* Task statement
Only an exact repetition of the lines from the one holding "Mirelle Silver Eternity" to the end of the data is wanted, with pictures left out.

* Records for this exercise
○ ○ ○ ○

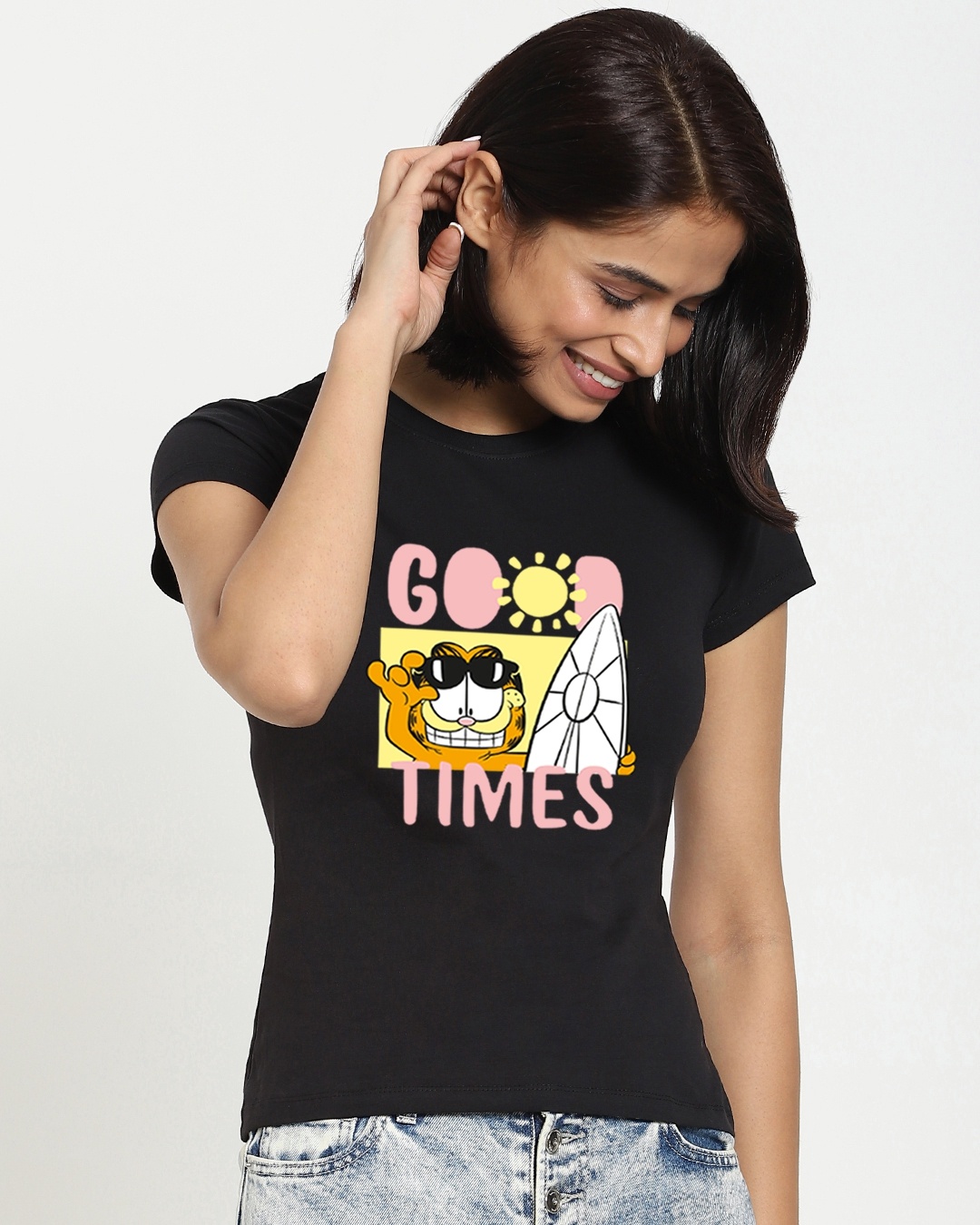 Shop Women's Black Good Times Garfield T-shirt-Front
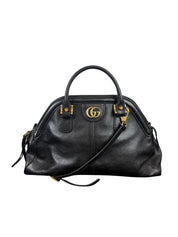 Gucci Re Belle Medium Top Handle Bag Black Leather with Gold Tiger Head Hardware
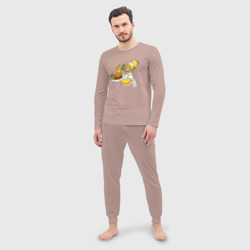 Мужская пижама с лонгсливом хлопок Гомер Симпсон набил рот картофелем фри - фото 2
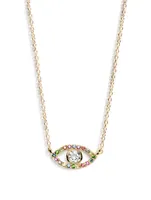 Classique 14K Gold Pavé Evil Eye Necklace With Multicolour Sapphires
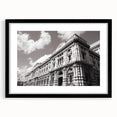 Extra large abstract art print featuring a colorful, textured depiction of a palace, in a black frame.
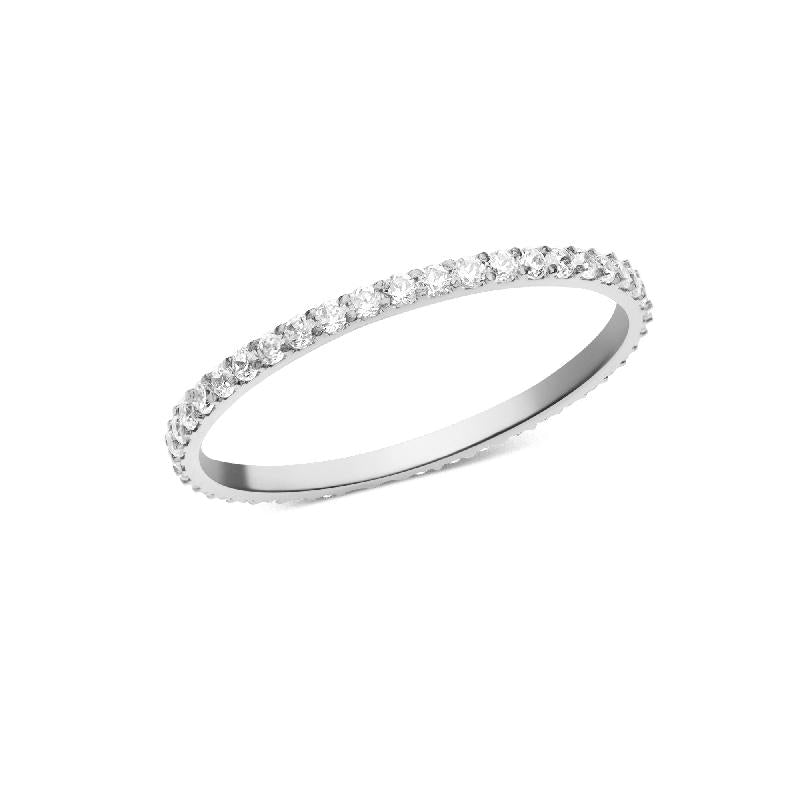 Mirelle Silver Eternity Ring with 1.4mm Minimalist Band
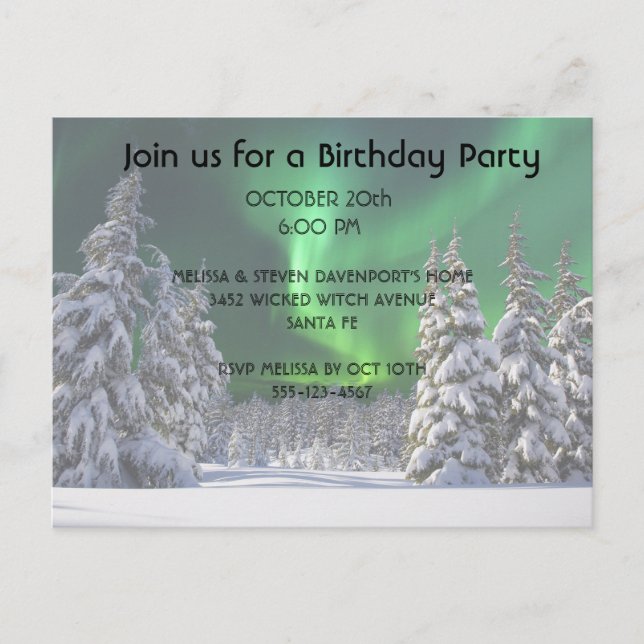 Carte Postale Faire-part Feux nordiques en hiver (Devant)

○ ○ ○ ○

* Response box
 Mirelle Silver Eternity Ring with 1.4mm Minimalist Band
 Carte Postale Faire-part Feux nordiques en hiver (Devant)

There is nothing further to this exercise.